In recent years, companies have taken a stance on government legislation, often with great effect. In 2016 and 2017, when conservatives in states like Indiana, North Carolina, Georgia, and Texas rolled out so-called bathroom bills, large corporations threatened to relocate their business if the laws were passed. These invoices were never legally signed.

Last year, the human rights campaign began to convince companies to join a pledge in which they expressed their “clear opposition to harmful laws restricting LGBTQ people’s access to society”. Dozens of large companies, including AT&T, Facebook, Nike, and Pfizer, have signed up.

For Mr. Chenault, the contrast between the response of the business community to this problem and the electoral restrictions that disproportionately harm black voters was significant.

“They had 60 big companies – Amazon, Google, American Airlines – that joined the statement in which they clearly opposed harmful laws restricting LGBTQ people’s access to society,” he said. “So, you know, it’s bizarre that we don’t have companies that can stand up to this.”

“This is not new,” added Mr. Chenault. “When it comes to racing, there is a different treatment. That’s the reality. “

Activists are now calling for boycotts against Delta and Coca-Cola over their lukewarm engagement before Georgia passed the law. And there are signs that other companies and sports leagues are getting more into the issue.

The head of the Major League Baseball Players Association said he “looks forward to” a discussion of the All-Star Game’s move from Atlanta, where it is scheduled for July. And JPMorgan Chase CEO Jamie Dimon released a statement Tuesday reiterating his company’s commitment to voting.

“Votes are fundamental to the health and future of our democracy,” he said. “We regularly encourage our employees to exercise their basic right to vote, and we oppose efforts that may prevent them from doing so.”

This language echoed the statements made by many large companies before the Georgian law was passed. The executives who signed the letter will likely seek more.

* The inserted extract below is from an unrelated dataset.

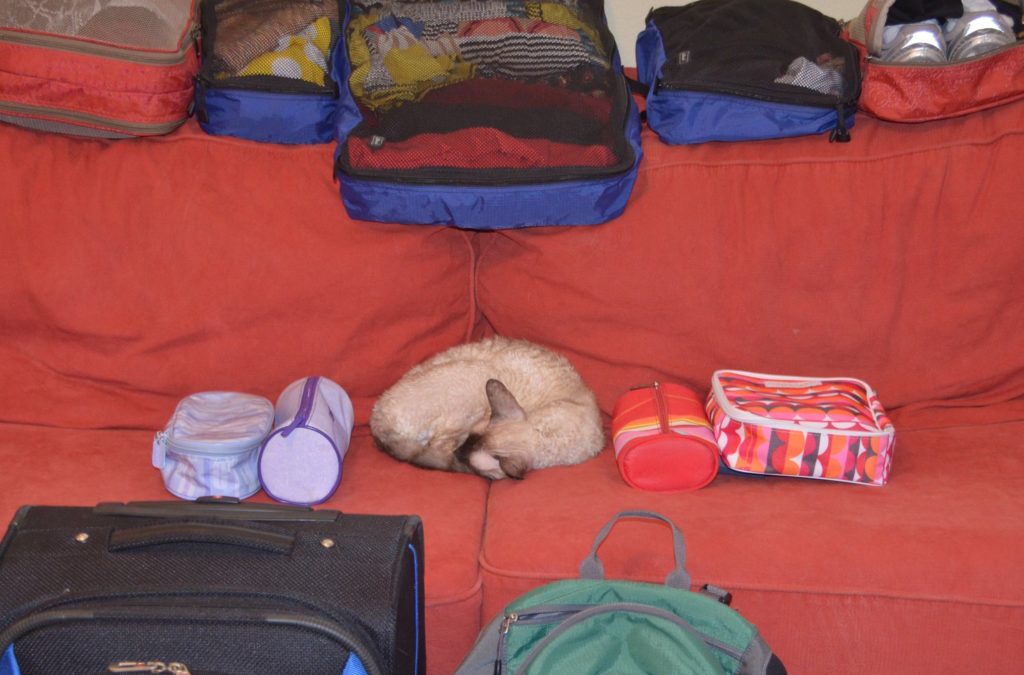 Kitty really does want to come to Portugal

“People ask,” What can I do? “Said Mr. Chenault.” I’ll tell you what you can do. You can speak out publicly against discriminatory laws and any measures that restrict Americans’ eligibility. “

Categories
Politics

Democrats Splinter Over Technique for Pushing By way of Voting Rights Invoice

Black House members, for example, are deeply concerned about the move of the law to independent redistribution commissions, which they fear could cost seats if majority and minority districts are dissolved, especially in the south. Before the bill was passed, the authors spent considerable time reassuring members of the Congressional Black Caucus that adequate safeguards were in place to sustain their districts. However, a prominent committee chairman, Representative Bennie Thompson of Mississippi, remained so concerned that he voted against the bill despite sponsoring it.

Some of the Party’s institutions believe that the Small Dollar Public Funding Plan, which includes a six-to-one matching program for donations under $ 200, could stimulate and fuel the primary challenges, especially those from the far left, by allowing them to get on board with established businesses’ usual fundraising faster.

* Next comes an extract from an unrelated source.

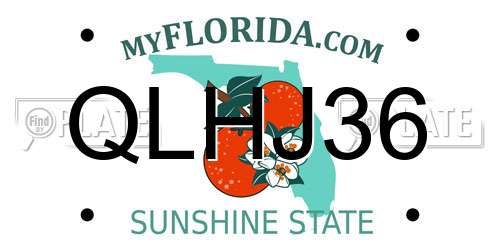 QLHJ36 Florida License Plate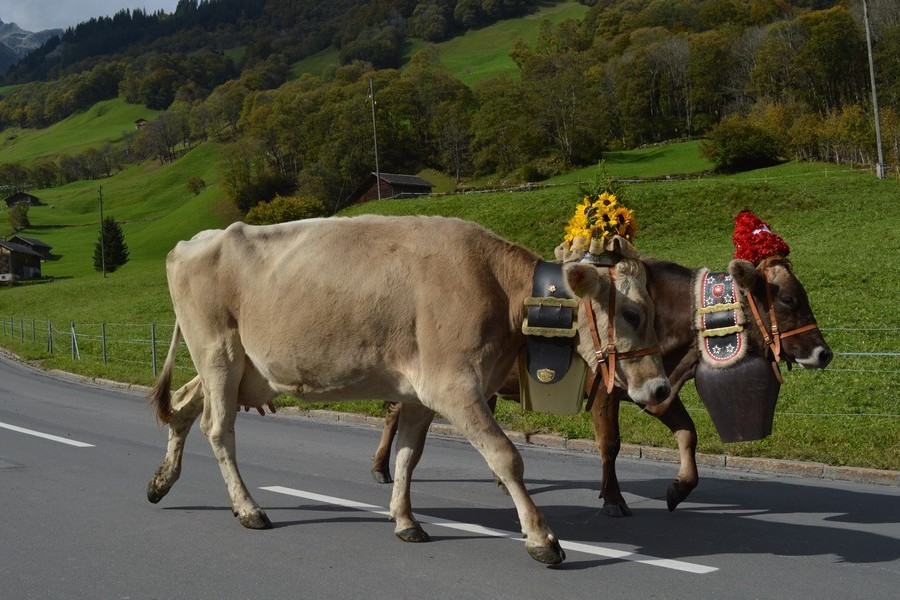 Szwajcarskie krowy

Then there is a more annoying political concern, most clearly voiced by Mr Manchin but shared by others, that Mr Trump falsely claimed for months that Democrats were scammers trying to rig the 2020 elections against him, some independent voters – fair or not – will see the legislation as an attempt to do just that and punish the party in the medium term in 2022.

The state election administrators have also made their own complaints, tacitly telling their senators to change the national voting requirements, which they say will be onerous or impossible by 2022. Some have complained that they were simply not consulted on a major federal revision of the system they believe they were effectively overseeing.

“I said no electoral officers were injured in making this law,” quipped Charles Stewart III, a senior electoral expert at the Massachusetts Institute of Technology. “Holding elections is very detailed and it’s not just about postponing things. They add new functionality and complexity, rather than just shifting complexity from one place to another. “

Many say they support the aims of the proposal, but fear that it goes too far in some places and contradicting lines in others. For example, the law states that properly stamped ballot papers received up to 10 days after an election must be counted as valid. However, it also gives voters up to 10 days to correct errors in ballots sent in, which means that incorrect ballots arriving late can delay the confirmation of an election by up to 20 days. Some administrators believe that a 20-day delay threatens to destroy the timelines for formalizing election results.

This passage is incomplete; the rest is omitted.